§ Data:
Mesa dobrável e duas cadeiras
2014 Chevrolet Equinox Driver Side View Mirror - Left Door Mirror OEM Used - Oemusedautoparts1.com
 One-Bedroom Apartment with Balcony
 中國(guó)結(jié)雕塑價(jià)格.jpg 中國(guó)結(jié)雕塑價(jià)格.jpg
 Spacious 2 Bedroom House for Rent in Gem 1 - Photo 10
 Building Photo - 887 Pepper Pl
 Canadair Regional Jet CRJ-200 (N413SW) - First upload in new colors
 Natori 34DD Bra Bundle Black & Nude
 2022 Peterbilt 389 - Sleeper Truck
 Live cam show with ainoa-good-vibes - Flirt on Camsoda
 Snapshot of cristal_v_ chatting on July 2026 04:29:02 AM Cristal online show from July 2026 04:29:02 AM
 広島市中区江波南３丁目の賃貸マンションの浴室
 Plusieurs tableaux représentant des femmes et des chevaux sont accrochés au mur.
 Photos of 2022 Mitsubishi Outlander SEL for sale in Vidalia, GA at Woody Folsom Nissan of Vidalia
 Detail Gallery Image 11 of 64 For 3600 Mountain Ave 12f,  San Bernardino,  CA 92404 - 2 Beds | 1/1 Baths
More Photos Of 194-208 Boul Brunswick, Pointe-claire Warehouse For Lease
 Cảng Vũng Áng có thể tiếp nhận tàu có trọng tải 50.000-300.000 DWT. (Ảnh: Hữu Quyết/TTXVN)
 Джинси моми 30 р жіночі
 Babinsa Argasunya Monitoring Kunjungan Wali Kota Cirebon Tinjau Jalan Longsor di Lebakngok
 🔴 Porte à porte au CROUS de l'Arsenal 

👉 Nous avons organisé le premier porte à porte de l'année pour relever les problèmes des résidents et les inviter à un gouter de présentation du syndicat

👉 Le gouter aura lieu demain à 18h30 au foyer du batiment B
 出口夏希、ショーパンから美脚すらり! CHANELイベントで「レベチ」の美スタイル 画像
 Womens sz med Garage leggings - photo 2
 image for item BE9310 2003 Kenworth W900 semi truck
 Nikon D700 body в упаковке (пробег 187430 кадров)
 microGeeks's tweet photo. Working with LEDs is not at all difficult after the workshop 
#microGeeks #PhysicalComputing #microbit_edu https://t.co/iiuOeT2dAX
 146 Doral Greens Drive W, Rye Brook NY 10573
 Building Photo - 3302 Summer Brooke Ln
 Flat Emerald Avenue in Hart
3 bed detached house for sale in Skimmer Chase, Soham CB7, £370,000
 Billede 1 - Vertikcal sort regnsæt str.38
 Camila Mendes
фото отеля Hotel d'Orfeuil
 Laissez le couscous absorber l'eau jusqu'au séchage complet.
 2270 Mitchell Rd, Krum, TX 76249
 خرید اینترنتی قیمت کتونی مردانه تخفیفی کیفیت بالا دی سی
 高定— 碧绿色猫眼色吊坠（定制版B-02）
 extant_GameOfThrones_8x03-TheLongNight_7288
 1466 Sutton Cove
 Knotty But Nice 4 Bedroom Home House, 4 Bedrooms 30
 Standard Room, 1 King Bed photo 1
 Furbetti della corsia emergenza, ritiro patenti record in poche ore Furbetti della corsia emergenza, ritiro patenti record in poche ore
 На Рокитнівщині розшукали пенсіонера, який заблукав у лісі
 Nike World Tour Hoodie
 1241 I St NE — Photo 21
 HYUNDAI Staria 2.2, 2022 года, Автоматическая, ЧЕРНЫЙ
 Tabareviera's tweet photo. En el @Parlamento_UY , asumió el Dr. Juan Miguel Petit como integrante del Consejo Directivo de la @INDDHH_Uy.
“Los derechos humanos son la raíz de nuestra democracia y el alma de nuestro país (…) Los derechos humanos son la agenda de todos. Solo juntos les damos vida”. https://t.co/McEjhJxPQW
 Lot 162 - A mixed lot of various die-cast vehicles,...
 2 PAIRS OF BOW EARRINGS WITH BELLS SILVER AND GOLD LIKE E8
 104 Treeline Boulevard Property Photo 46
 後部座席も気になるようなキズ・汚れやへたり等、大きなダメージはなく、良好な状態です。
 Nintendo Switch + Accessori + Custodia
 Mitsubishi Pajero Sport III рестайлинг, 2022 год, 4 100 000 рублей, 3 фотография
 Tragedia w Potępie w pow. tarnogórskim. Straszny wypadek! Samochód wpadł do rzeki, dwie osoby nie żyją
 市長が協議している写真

§ Task item:
Please retype the records above starting with the line that contains "Laissez le couscous" and stopping after the last line, changing nothing.

§ Solution below:
 Laissez le couscous absorber l'eau jusqu'au séchage complet.
 2270 Mitchell Rd, Krum, TX 76249
 خرید اینترنتی قیمت کتونی مردانه تخفیفی کیفیت بالا دی سی
 高定— 碧绿色猫眼色吊坠（定制版B-02）
 extant_GameOfThrones_8x03-TheLongNight_7288
 1466 Sutton Cove
 Knotty But Nice 4 Bedroom Home House, 4 Bedrooms 30
 Standard Room, 1 King Bed photo 1
 Furbetti della corsia emergenza, ritiro patenti record in poche ore Furbetti della corsia emergenza, ritiro patenti record in poche ore
 На Рокитнівщині розшукали пенсіонера, який заблукав у лісі
 Nike World Tour Hoodie
 1241 I St NE — Photo 21
 HYUNDAI Staria 2.2, 2022 года, Автоматическая, ЧЕРНЫЙ
 Tabareviera's tweet photo. En el @Parlamento_UY , asumió el Dr. Juan Miguel Petit como integrante del Consejo Directivo de la @INDDHH_Uy.
“Los derechos humanos son la raíz de nuestra democracia y el alma de nuestro país (…) Los derechos humanos son la agenda de todos. Solo juntos les damos vida”. https://t.co/McEjhJxPQW
 Lot 162 - A mixed lot of various die-cast vehicles,...
 2 PAIRS OF BOW EARRINGS WITH BELLS SILVER AND GOLD LIKE E8
 104 Treeline Boulevard Property Photo 46
 後部座席も気になるようなキズ・汚れやへたり等、大きなダメージはなく、良好な状態です。
 Nintendo Switch + Accessori + Custodia
 Mitsubishi Pajero Sport III рестайлинг, 2022 год, 4 100 000 рублей, 3 фотография
 Tragedia w Potępie w pow. tarnogórskim. Straszny wypadek! Samochód wpadł do rzeki, dwie osoby nie żyją
 市長が協議している写真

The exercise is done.